Start of Block
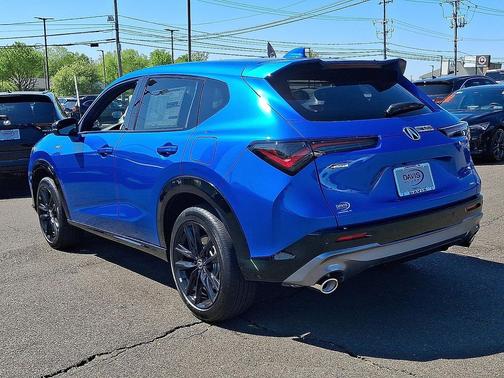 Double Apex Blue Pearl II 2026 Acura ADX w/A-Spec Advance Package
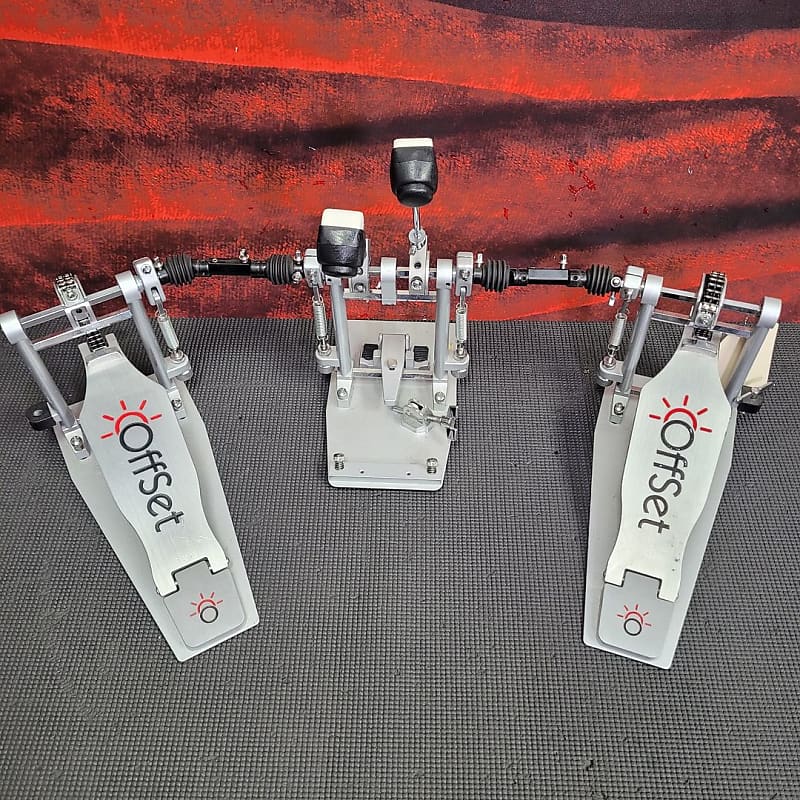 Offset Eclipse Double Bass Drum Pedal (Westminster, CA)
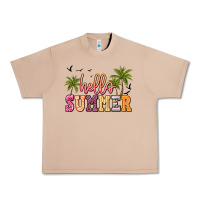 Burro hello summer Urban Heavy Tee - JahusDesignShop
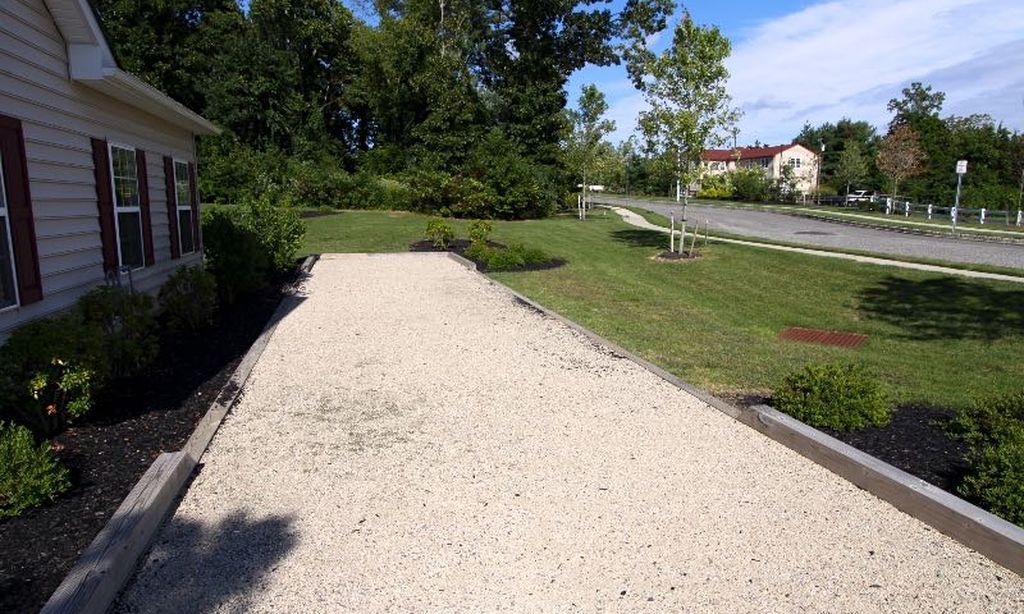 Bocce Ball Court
End of Block
TASK PROMPT:
Print every line above exactly as given, but not the pictures.

RESULT OF THE EXERCISE:
 Double Apex Blue Pearl II 2026 Acura ADX w/A-Spec Advance Package
 Offset Eclipse Double Bass Drum Pedal (Westminster, CA)
 Burro hello summer Urban Heavy Tee - JahusDesignShop
 Bocce Ball Court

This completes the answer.